Brilka, une ado géorgienne, fugue et entreprend un périple vers Vienne. Sur ses traces, sa tante Niza, qui accourt de Berlin après avoir été alertée de Tbilissi par la famille. Un siècle plutôt basculait l’existence de son arrière-grand-mère, fille d’un chocolatier de génie. Quel est le lien, où commence l’histoire et où finit-elle ? Convaincue que tout se tient, que les destins s’entrelacent comme les fils d’un tapis dont les motifs naissent de leur imbrication et que l’histoire se répète, Niza offre à Brilka une fascinante fresque familiale.
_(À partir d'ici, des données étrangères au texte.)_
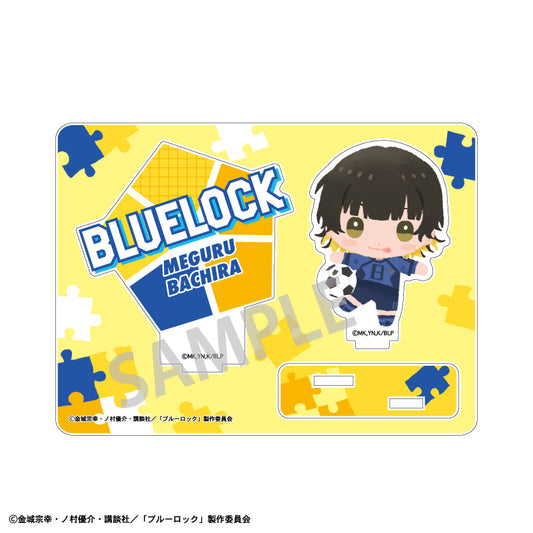 ブルーロック_アクリルスタンド_蜂楽 廻_ちまっこ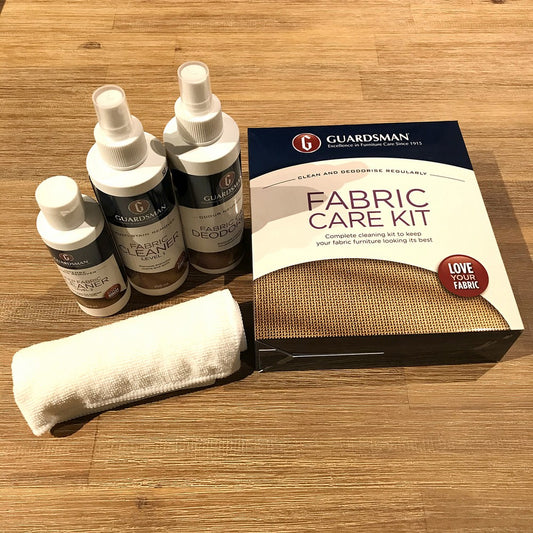 Guardsman Protector Fabric Care Kit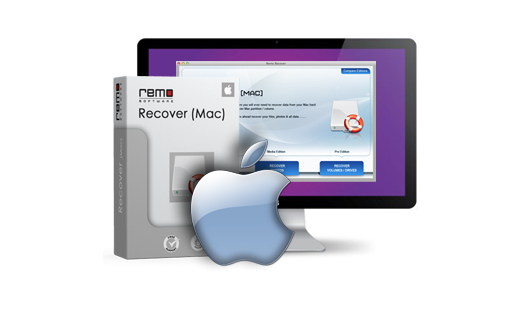 remo recover for mac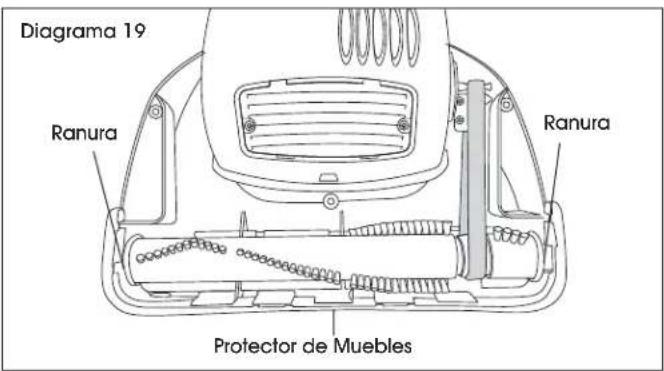 Uline H-10166 - LIMPAR EL CEPILLO/REEMPLAZAR LA BANDA DE TRANSMISIÓN - 6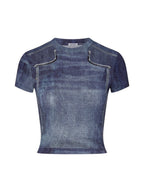 Liu Jo T-SHIRT Donna  UA6502J1624 L9680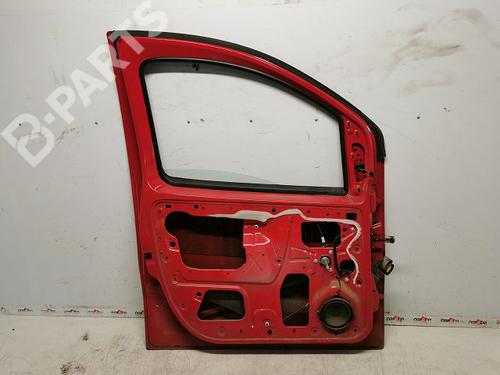 Left front door CITROËN NEMO MPV 1.4 HDi | BP9606175C2 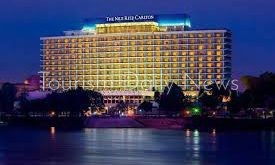 الريدزكارلتون النيل .. مصر للفنادق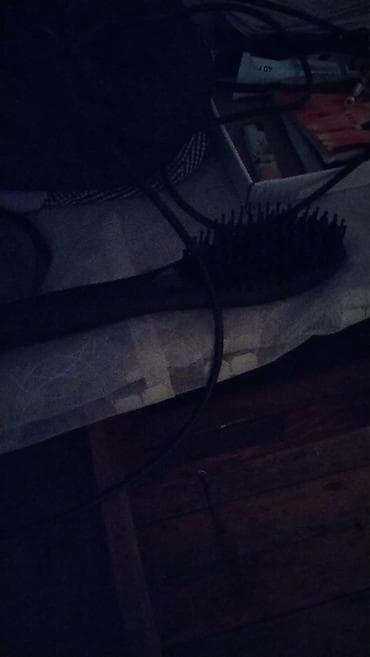 darag: BRAUN elektrik saç darağı – düzləşdirici fırça - Brend: Braun - Tip — 1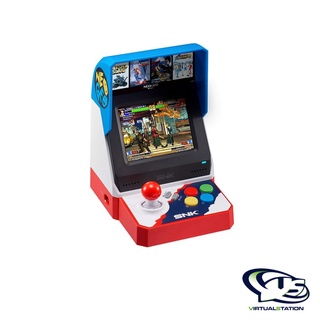 SNK Neo Geo Mini Hand-sized arcade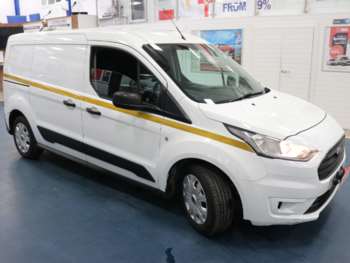 Used Ford Transit Connect 2019 for sale - 71959566: Photo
« […] mais c’est à toi, Brilka, que je dois ces lignes. Je te les dois parce que tu mérites la huitième vie. Parce qu’on dit que le chiffre huit est égal à l’infini, au fleuve de l’éternel retour. Je t’offre mon huit.
Nous sommes liées par un siècle. Un siècle rouge. À tout jamais, plus huit. C’est ton tour, Brilka. […]
Passe à travers cette histoire, laisse-la derrière toi. »
Huit vies, donc, dont la première est celle de Stasia, 17 ans en 1917 : plus portée sur la danse et l’astronomie que sur les tâches ménagères, qui découvre l’amour et comprend bientôt qu’avec la mainmise des bolcheviks sur son pays, l’existence ne sera plus jamais la même. La plume est immersive, les protagonistes attachants, les soubresauts de la petite et de la grande histoire sidérants. Le tissage dense des fils biographiques soustrait la narration à la linéarité de l’arbre généalogique pour en faire quelque chose d’arborescent. Surgissent donc à leur tour la sœur de Stasia, et avec elle des personnages secondaires dont certains resteront liés à la famille via leur lignée. On croisera notamment le chef de la police politique soviétique, un garçon rêveur porté sur la sculpture, des femmes douées pour la poésie, la musique ou la comédie, un fonctionnaire du régime tourmenté par une mélancolie grandissante…
Le tissage révèle de multiples leitmotivs qui nous interrogent sur la manière dont certains traits de personnalité, aspirations et blessures se transmettent d’une génération à l’autre. Et puis il y a l’arôme entêtant de cette recette de chocolat qui fit le succès du fondateur de la lignée, mais dont les effets mystérieux intriguent : magie, blanche ou noire ? Substrat de croyances autoréalisatrices ? Potion mêlée de substances psychotropes ? Ou simplement une chimie singulière ?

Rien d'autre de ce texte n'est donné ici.